## Your assignment
From the first line to the last, reproduce the records exactly.

Recorded data
··········
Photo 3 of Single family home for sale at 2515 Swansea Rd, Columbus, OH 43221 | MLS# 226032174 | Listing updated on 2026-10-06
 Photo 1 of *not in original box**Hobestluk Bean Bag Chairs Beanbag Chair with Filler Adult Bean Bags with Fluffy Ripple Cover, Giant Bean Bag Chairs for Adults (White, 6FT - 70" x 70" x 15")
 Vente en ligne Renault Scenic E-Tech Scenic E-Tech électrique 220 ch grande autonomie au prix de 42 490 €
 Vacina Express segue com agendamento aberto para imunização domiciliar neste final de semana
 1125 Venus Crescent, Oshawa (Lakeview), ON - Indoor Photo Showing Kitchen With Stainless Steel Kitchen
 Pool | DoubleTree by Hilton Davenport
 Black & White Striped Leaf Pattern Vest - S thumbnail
··········
## Reply to the exercise
Photo 3 of Single family home for sale at 2515 Swansea Rd, Columbus, OH 43221 | MLS# 226032174 | Listing updated on 2026-10-06
 Photo 1 of *not in original box**Hobestluk Bean Bag Chairs Beanbag Chair with Filler Adult Bean Bags with Fluffy Ripple Cover, Giant Bean Bag Chairs for Adults (White, 6FT - 70" x 70" x 15")
 Vente en ligne Renault Scenic E-Tech Scenic E-Tech électrique 220 ch grande autonomie au prix de 42 490 €
 Vacina Express segue com agendamento aberto para imunização domiciliar neste final de semana
 1125 Venus Crescent, Oshawa (Lakeview), ON - Indoor Photo Showing Kitchen With Stainless Steel Kitchen
 Pool | DoubleTree by Hilton Davenport
 Black & White Striped Leaf Pattern Vest - S thumbnail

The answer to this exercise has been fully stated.